See also my answer to git: update a local branch without checking it out?.

  • I don't quite understand the detached-magic here, why can't the pointer to master be moved when develop is checked out? ...anyway I tried this, and it seems to work except now I get "Your branch is ahead of 'origin/develop' by 1 commit."
    – Superole
    Aug 6, 2013 at 8:06
  • ...which is solved the next time I pull
    – Superole
    Aug 6, 2013 at 8:08
  • @Superole which branch is ahead of origin/develop when you use the alias? It wouldn't make sense if it was your local develop branch. Also, the pointer for master can be moved if it's develop that is checked out, the point is that if it's master that is checked out, then you can't fast-forward master because that would affect your working copy, so that's why you detach the working copy from it first by using git checkout head. I saw another answer that described it as "standing on a rock", you have to get off the rock before you can move it. Aug 6, 2013 at 8:24
  • it was indeed my local develop. And the reason must be that this fetch does not update the tracking branches. As I understand it; a pull will fetch into origin/develop, and then merge that into develop.
    – Superole
    Aug 8, 2013 at 9:31
  • It is very important that this answer causes fatal: bad config line xx in file xxx. which is caused by the semicolon. you have to wrap the whole command in double quote to avoid this issue. Feb 14, 2017 at 3:57
git fetch --update-head-ok origin master:master develop:develop

This is a shorter version of @40XUserNotFound answer, beware that it may move your HEAD, be sure you have a clean working directory before running this command.

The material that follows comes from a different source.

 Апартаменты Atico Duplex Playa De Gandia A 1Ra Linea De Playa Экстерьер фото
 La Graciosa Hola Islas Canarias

--update-head-ok does what this answer doing by detaching HEAD, instead it simply tells fetch it's ok to move HEAD (where your working directory is).

  • 2
    Cool! This looks like it's working! I wonder why they state in the docs that this is purely for the internal use for git pull to communicate with git fetch, and unless you are implementing your own Porcelain you are not supposed to use it?
    – Superole
    Apr 15, 2021 at 13:39
  • I think it is because it might result in data lost, it moves the HEAD without checking if it in sync with upstream repo. But the provided answer does the same, so I think it is cool to use for this specific case
    – PMN
    Apr 19, 2021 at 16:01

Install git-up. It gives you the command git-up which will pull all local branches in your repository.

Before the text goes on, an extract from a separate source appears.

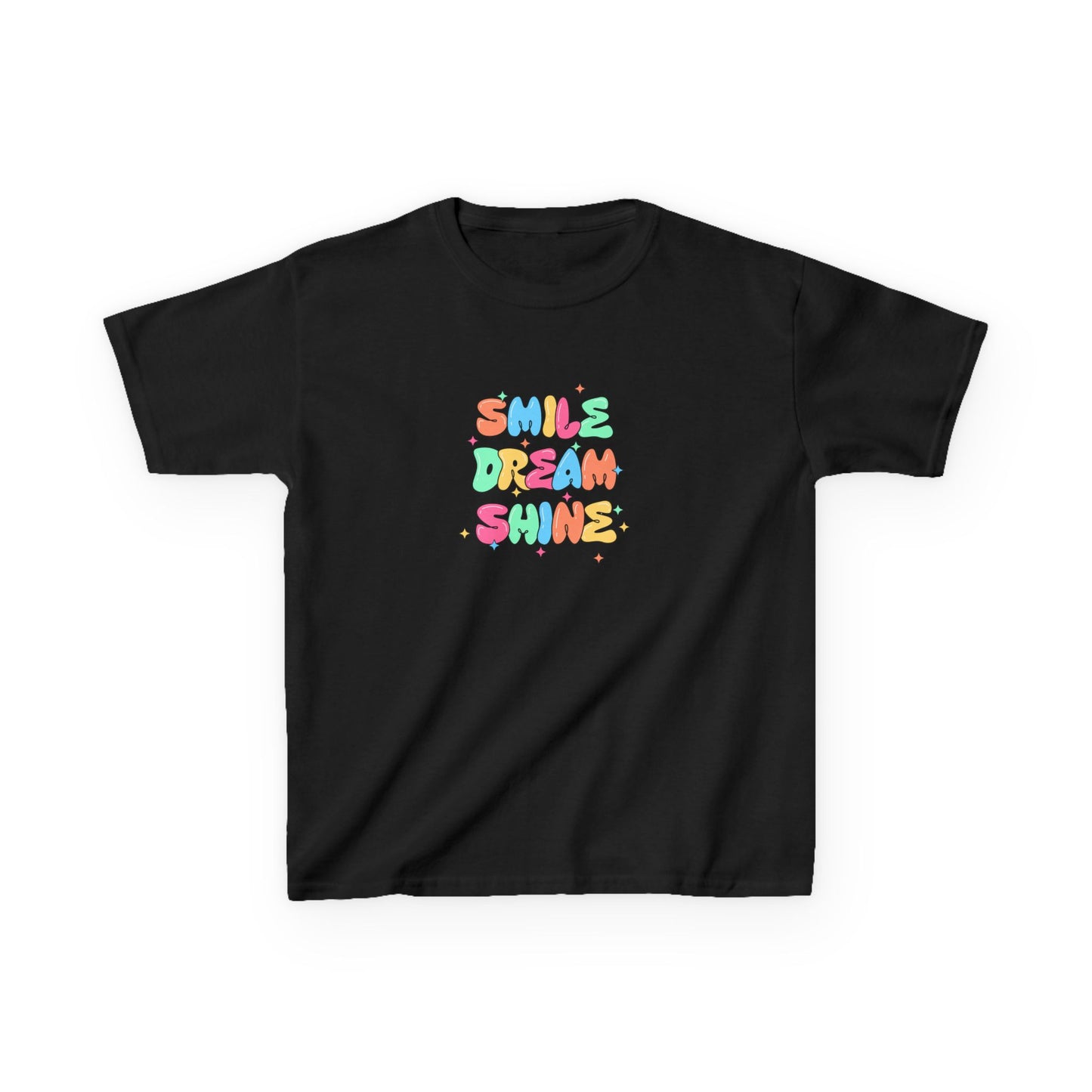Smile Dream Shine - Youth / Kids Heavy Cotton™ Tee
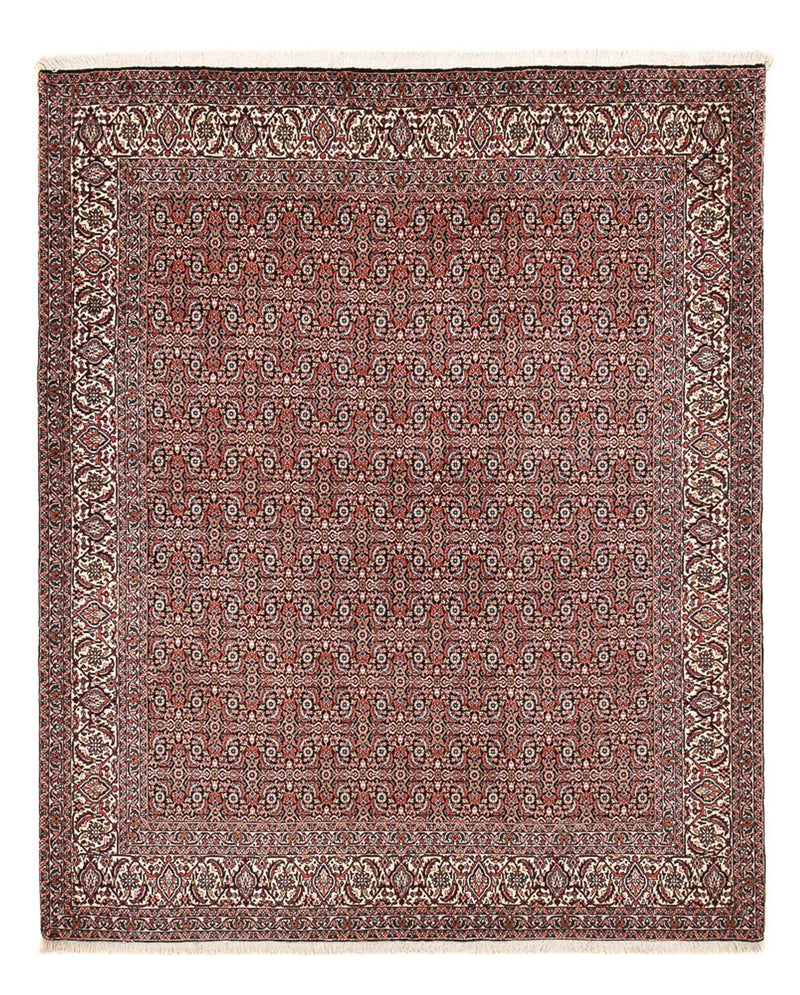 Perzisch tapijt - Bijar - 250 x 204 cm - roest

  • sweet! I will check that out for sure.
    – Superole
    Nov 27, 2015 at 14:01
  • 3
    heh :P The statements Windows support is predictably absent. and a rigorous proof has yet to be formulated that it will definitely not mess with your git setup, delete data or post inane drivel to Hacker News on your behalf., combined with the need for Ruby, drove me away. I like the concept though.
    – Superole
    Nov 27, 2015 at 15:30
  • Glad there's a method at all ... kinda sucky, though that every single method requires some third-party tool. Such as this one and the ones with some shell command "recipe" or an alias making use of a particular (platform-specific) shell. Feb 14, 2018 at 18:48

It seems that there is no builtin option for git to pull into multiple branches. At least not in version 1.8.0. although @Cupcake's answer is close to it.

However @jjlin's comment made me realize that at least I don't need to pull twice.

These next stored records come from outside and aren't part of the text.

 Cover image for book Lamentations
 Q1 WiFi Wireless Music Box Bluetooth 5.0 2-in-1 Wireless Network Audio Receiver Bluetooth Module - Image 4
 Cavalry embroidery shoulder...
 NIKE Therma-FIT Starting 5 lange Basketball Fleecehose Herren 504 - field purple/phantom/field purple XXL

So a slightly more efficient sequence would be:

git pull
git checkout master
git merge origin/master
git checkout -

Inevitably I ended up creating an alias, but decided to leave the pull out of it, and focused on just fast-forwarding a different branch.

ffwd = "!_() { git checkout $1 && git merge --ff-only origin/$1 && git checkout -; }; _"

Of course, with no testing this alias assumes that I supply a valid name of a ff'able branch as 1st argument, and has undefined behaviour otherwise. It is also not optimal for use-cases with more than two branches, but it will get me what I need for now.